Organ and choir of Bristol Cathedral. Music included:
  • Scene 2. Hymn for the Dedication of a Church, Urbs beata Jerusalem (7 Century)
  • Scene 4. Psalm 130. De Profundis
  • Scene 5. Introit from the Mass of St. Stephen (copy of c.14th MS in Bristol Cathedral Library)
  • Scene 6. O Lord the maker of all things, Music William Mundy
  • Scene 7. Rejoice in the Lord Always, Music John Redford
  • Scene 8. Organ Voluntary, Glorificamus, John Redford and Hymn, Psalm 100
  • Scene 9. The Magnificat, Elway Bevin
  • Scene 10. Nunc Dimitis, William Child
  • Scene 11. Metrical Version of Psalm 23
  • Scene 12. And the Glory of the Lord, from Handel’s Messiah
  • Scene 14. ‘And sorrow and sighing shall flee away’, S.S. Wesley
  • Scene 15. Te Deum, Clifford Harker

Newspaper coverage of pageant

Book of words

n/a

Other primary published materials

n/a

The Cathedral Church of The Holy and Undivided Trinity, Bristol in Celebration of the 800 Years of its History Present A Pageant of Bristol. Bristol, 1965. [Price 3s.6d.]

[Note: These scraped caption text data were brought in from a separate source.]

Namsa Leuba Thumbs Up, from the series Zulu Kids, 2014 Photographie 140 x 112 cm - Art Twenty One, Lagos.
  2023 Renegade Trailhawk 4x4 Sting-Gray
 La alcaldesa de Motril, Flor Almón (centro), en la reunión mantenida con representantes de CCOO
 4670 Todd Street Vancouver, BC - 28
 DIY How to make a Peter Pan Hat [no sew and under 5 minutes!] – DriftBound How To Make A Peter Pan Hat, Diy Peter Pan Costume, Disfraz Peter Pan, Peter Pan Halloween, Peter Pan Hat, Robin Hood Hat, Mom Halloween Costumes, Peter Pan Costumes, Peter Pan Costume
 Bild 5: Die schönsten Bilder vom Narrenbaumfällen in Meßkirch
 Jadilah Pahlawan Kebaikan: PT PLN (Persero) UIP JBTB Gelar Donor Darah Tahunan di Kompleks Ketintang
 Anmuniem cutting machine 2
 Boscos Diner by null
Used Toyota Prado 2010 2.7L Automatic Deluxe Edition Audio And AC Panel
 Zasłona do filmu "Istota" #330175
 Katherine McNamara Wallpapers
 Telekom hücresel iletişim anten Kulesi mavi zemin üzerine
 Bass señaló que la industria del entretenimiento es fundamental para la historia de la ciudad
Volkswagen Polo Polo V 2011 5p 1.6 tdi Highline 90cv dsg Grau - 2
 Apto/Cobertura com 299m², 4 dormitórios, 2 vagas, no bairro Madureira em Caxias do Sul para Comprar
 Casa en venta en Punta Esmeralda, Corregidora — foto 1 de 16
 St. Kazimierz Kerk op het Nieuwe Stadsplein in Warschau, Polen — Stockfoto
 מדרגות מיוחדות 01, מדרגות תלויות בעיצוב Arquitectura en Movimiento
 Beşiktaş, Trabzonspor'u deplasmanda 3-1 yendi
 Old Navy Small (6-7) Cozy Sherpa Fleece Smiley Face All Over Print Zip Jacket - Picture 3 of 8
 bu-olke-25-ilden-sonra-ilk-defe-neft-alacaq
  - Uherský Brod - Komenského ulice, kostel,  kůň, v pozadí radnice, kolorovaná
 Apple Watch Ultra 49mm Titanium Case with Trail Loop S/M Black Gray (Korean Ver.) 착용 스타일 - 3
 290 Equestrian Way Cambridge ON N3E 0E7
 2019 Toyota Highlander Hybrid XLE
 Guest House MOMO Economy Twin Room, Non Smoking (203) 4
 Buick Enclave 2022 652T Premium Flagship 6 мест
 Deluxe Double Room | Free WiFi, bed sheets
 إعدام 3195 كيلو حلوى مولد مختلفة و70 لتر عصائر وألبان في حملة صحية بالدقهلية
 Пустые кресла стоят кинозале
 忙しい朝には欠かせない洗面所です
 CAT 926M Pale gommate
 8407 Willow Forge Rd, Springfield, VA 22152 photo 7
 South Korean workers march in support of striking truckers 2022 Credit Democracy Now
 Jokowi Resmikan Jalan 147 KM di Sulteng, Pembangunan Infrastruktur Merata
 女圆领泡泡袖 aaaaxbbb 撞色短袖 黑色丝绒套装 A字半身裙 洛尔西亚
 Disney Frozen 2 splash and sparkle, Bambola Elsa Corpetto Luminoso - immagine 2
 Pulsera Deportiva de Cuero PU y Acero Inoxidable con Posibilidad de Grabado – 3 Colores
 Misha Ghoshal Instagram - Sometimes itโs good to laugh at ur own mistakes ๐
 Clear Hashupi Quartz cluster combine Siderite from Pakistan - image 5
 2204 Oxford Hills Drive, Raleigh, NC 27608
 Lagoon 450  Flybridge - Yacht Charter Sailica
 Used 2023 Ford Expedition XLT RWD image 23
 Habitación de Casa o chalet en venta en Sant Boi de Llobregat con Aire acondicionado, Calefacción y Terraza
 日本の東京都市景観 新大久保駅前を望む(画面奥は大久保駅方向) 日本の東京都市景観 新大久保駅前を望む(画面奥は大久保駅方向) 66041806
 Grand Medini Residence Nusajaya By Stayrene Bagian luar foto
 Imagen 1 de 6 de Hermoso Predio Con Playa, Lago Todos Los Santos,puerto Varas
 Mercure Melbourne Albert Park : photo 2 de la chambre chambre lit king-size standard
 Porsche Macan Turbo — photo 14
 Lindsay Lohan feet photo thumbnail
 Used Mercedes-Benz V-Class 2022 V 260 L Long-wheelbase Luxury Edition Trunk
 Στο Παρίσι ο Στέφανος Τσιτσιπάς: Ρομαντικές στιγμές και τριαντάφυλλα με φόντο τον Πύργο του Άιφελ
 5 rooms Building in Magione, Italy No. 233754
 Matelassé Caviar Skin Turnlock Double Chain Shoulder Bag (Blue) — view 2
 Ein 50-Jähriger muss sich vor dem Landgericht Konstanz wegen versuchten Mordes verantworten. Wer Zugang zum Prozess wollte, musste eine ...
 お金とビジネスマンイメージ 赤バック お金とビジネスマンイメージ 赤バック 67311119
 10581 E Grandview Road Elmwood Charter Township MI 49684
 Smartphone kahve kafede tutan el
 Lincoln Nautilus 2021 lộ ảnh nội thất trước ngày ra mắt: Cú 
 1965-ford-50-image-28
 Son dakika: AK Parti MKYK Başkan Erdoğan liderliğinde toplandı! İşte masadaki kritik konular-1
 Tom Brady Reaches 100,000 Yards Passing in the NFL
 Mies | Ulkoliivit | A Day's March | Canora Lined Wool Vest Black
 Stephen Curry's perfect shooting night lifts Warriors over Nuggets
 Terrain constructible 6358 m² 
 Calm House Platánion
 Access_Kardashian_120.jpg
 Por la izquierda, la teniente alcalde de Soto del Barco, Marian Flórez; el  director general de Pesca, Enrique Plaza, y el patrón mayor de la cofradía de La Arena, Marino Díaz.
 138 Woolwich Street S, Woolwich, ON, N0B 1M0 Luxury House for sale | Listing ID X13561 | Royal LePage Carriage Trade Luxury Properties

References in secondary literature

n/a

Archival holdings connected to pageant

  • Copy of programme in Bristol City Archives, reference P.SMbed/PM/4/29.

Sources used in preparation of pageant

n/a

Summary

A pageant was held to mark the 800th anniversary of Bristol Cathedral. Three performances were given in the nave of the cathedral. The focus of the pageant on the history of the cathedral, from its twelfth-century origins to 1965.